O desembargador José Luiz Oliveira de Almeida, da Segunda Câmara de Direito Criminal do Tribunal de Justiça do Maranhão, concedeu parcialmente um pedido de liminar impetrado pela defesa de Alberto Luiz Freitas Monção, ex-diretor de uma creche em Timon, que havia sido preso preventivamente em 27 de maio deste ano por suspeita de estupro de vulnerável de crianças onde ele trabalhava.
Na decisão, o magistrado determinou que a 3ª Vara Criminal de Timon forneça à defesa acesso aos elementos já documentados que fundamentaram a decretação da prisão preventiva do investigado. Por outro lado, foi mantido o sigilo sobre diligências investigativas ainda em andamento.
A liminar, com pedido de habeas corpus, foi apresentada pelo advogado Roberto Silva Alves Pereira, que alegou cerceamento de defesa após ter o pedido de habilitação nos autos negado pela magistrada responsável pelo caso. Segundo a defesa, a negativa impediu o acesso aos documentos da investigação e aos fundamentos que embasaram a prisão do acusado, cumprida em 27 de maio deste ano.
Ao analisar o pedido, o desembargador destacou que a defesa não teve acesso à decisão que decretou a prisão preventiva, razão pela qual não seria possível, neste momento, analisar os pedidos de relaxamento, revogação ou substituição da medida cautelar.
José Luiz Oliveira de Almeida ressaltou que a Súmula Vinculante nº 14 do Supremo Tribunal Federal assegura aos advogados o acesso aos elementos de prova já documentados em procedimentos investigatórios, desde que relacionados ao exercício do direito de defesa.
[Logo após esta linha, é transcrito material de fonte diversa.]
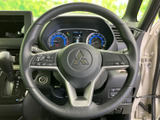 ステアリングには手元で扱えるスイッチを備え、運転姿勢を大きく変えずに各種操作ができます。メーターも正面に配置され、運転中の視認と操作を助けます。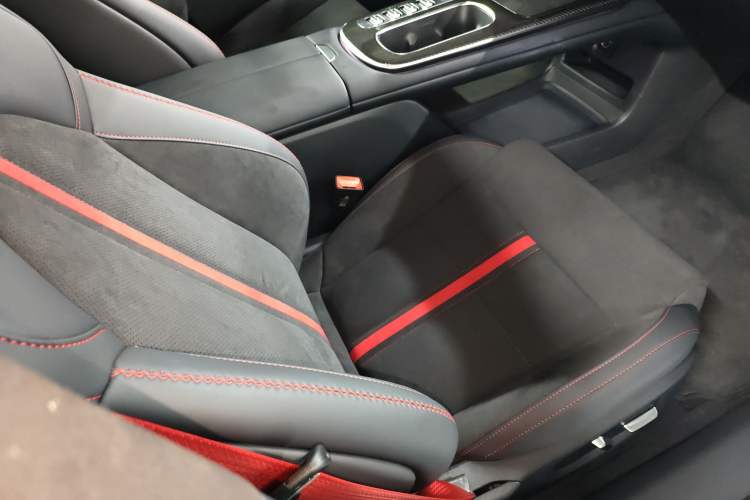 Used Xiaomi Auto SU7 Ultra 2025 Ultra Model Right Front Seat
Segundo o magistrado, embora seja legítima a preservação do sigilo de diligências ainda não concluídas, não é razoável impedir integralmente o acesso da defesa aos documentos que serviram de base para restringir a liberdade do investigado.
Com a decisão, a Justiça determinou que o juízo de origem forneça cópias impressas dos documentos relacionados à prisão preventiva, com a supressão de trechos que possam revelar diligências sigilosas ainda pendentes de cumprimento.
Estado de saúde do ex-diretor da creche
No habeas corpus, a defesa também argumentou que o investigado possui quadro de saúde delicado, sendo portador de infecção viral, além de ter amputação de um membro inferior.
Sobre esse ponto, o desembargador observou que, durante a audiência de custódia realizada em 28 de maio, já havia sido determinada a adoção de providências pela unidade prisional para garantir a integridade física e o atendimento médico adequado ao preso.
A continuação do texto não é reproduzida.